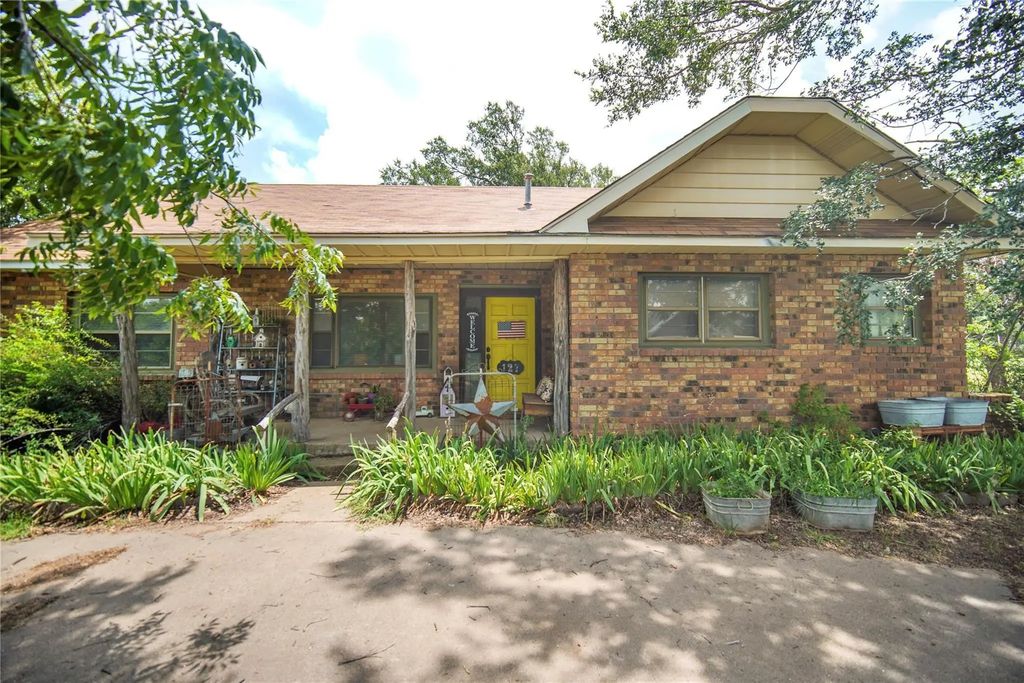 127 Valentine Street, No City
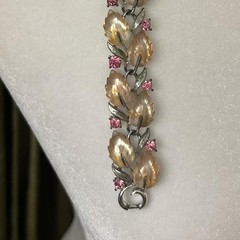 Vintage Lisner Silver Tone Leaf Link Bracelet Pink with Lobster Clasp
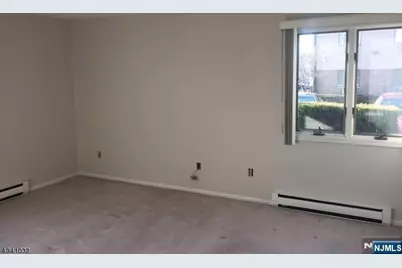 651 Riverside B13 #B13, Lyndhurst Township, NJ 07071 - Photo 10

· · ·

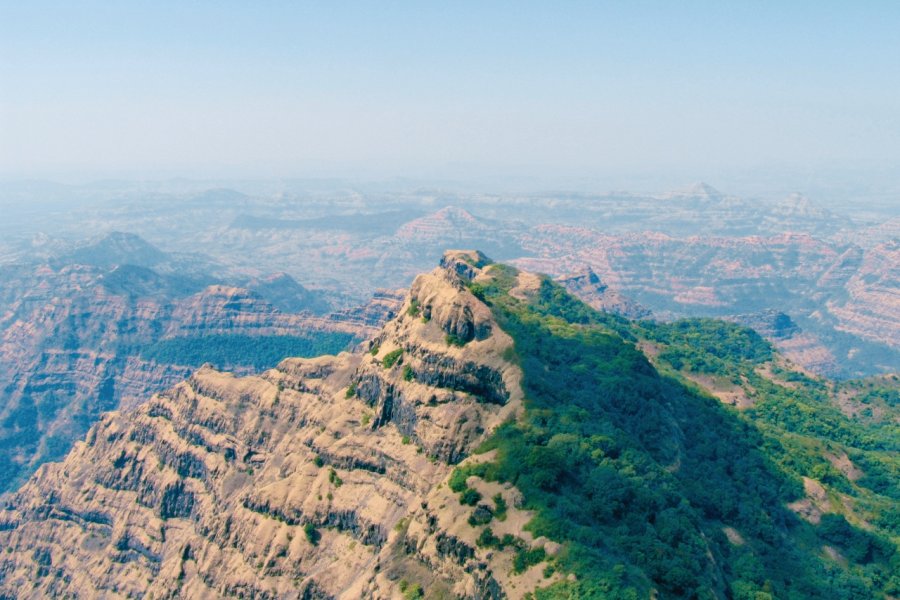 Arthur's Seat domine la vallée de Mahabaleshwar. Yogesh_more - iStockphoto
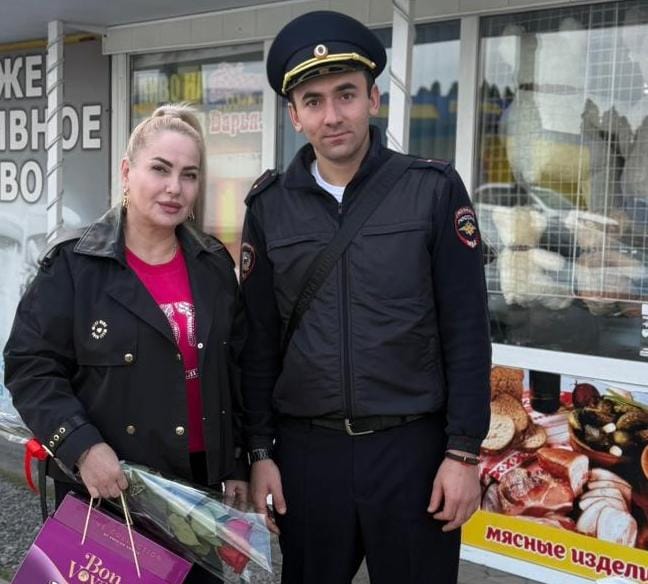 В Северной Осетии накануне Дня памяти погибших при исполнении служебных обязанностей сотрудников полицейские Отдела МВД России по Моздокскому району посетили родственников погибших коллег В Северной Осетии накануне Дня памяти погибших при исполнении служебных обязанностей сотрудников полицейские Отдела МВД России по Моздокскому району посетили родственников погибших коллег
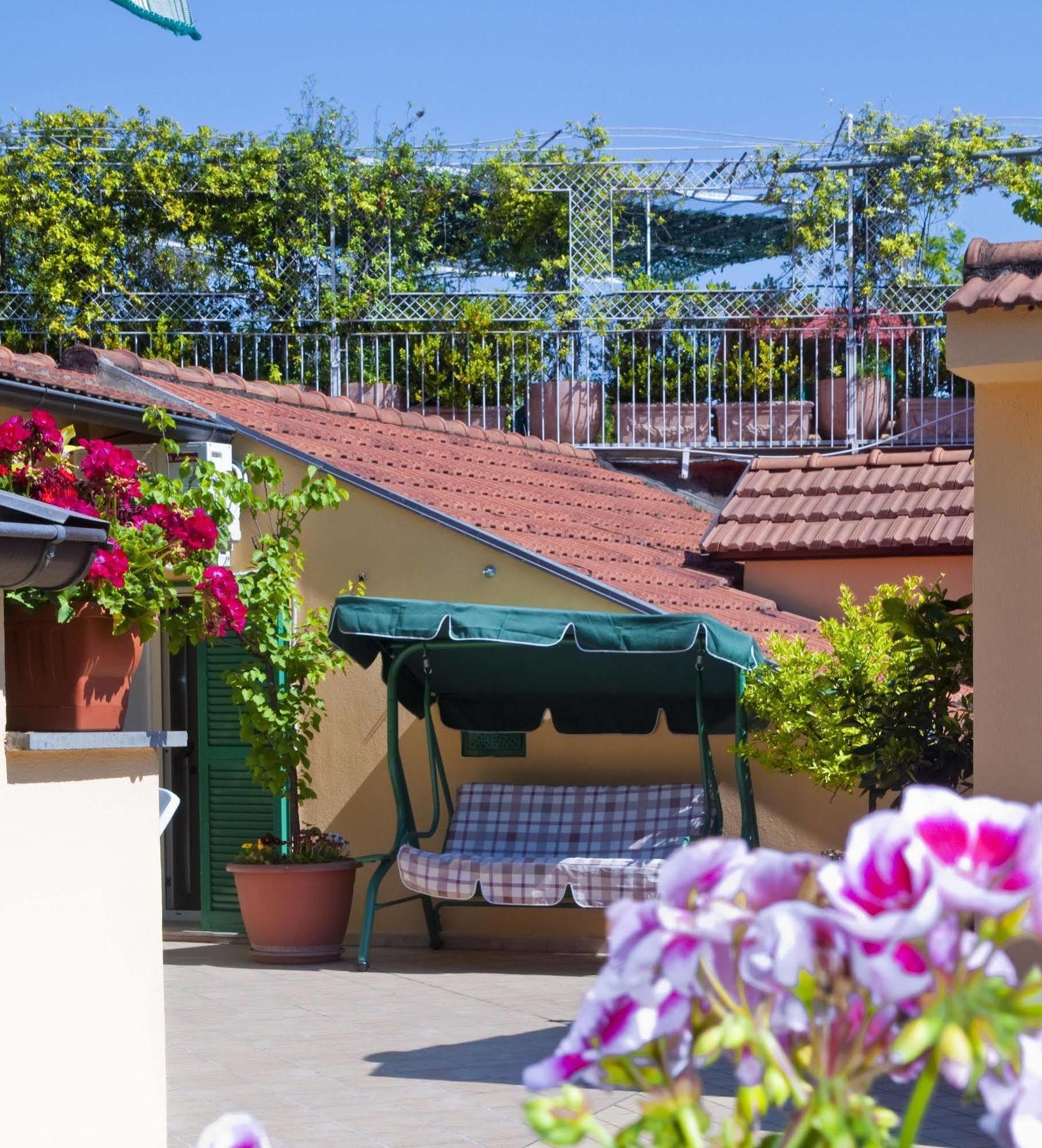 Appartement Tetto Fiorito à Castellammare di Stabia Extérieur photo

· · ·

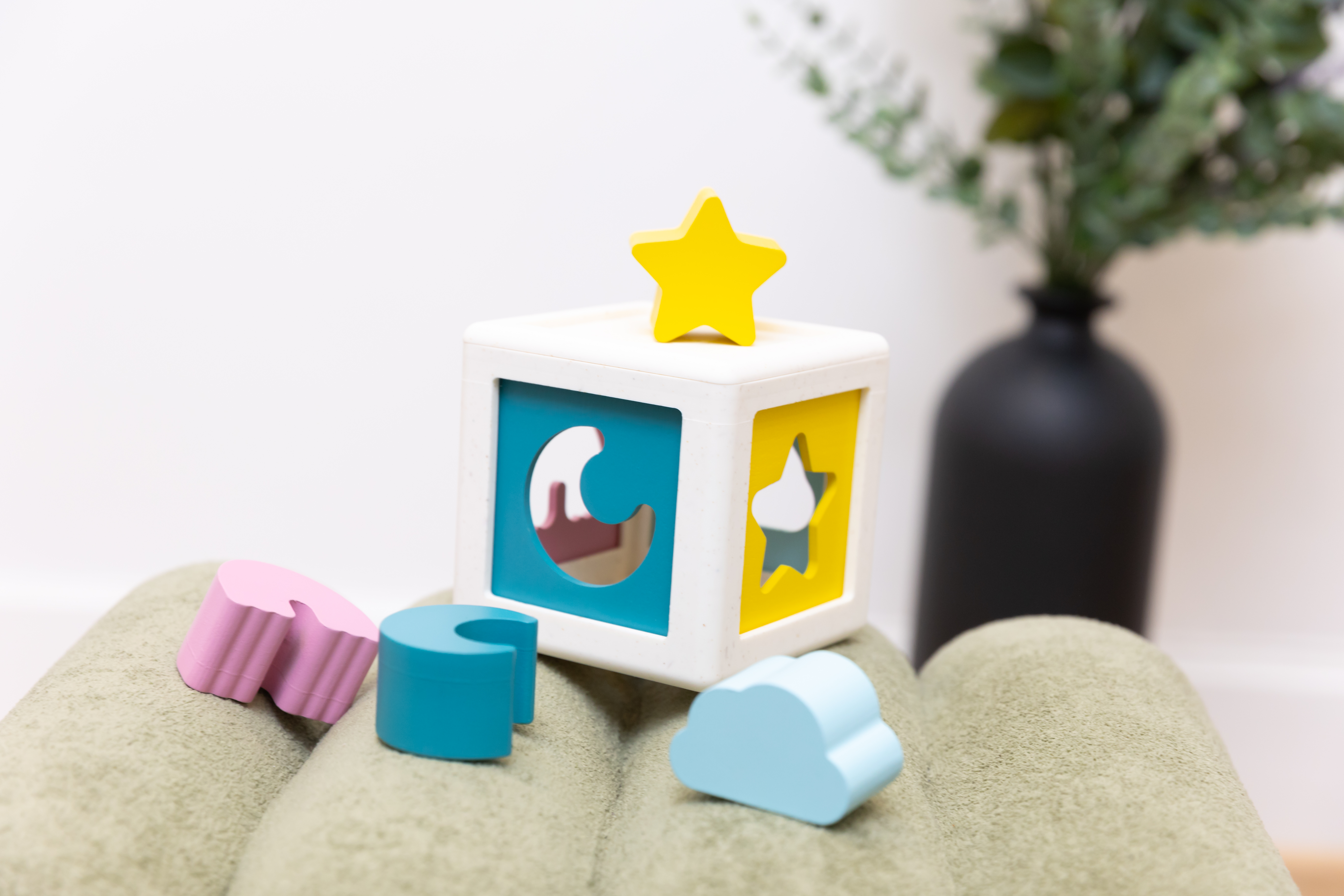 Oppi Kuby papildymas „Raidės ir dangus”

· · ·

▶ [Your instructions] Write out again exactly the lines above from the one with "127 Valentine Street, No City" through the one with "651 Riverside B13", adding no other lines and no pictures.

▶ [Result for this task]
 127 Valentine Street, No City
 Vintage Lisner Silver Tone Leaf Link Bracelet Pink with Lobster Clasp
 651 Riverside B13 #B13, Lyndhurst Township, NJ 07071 - Photo 10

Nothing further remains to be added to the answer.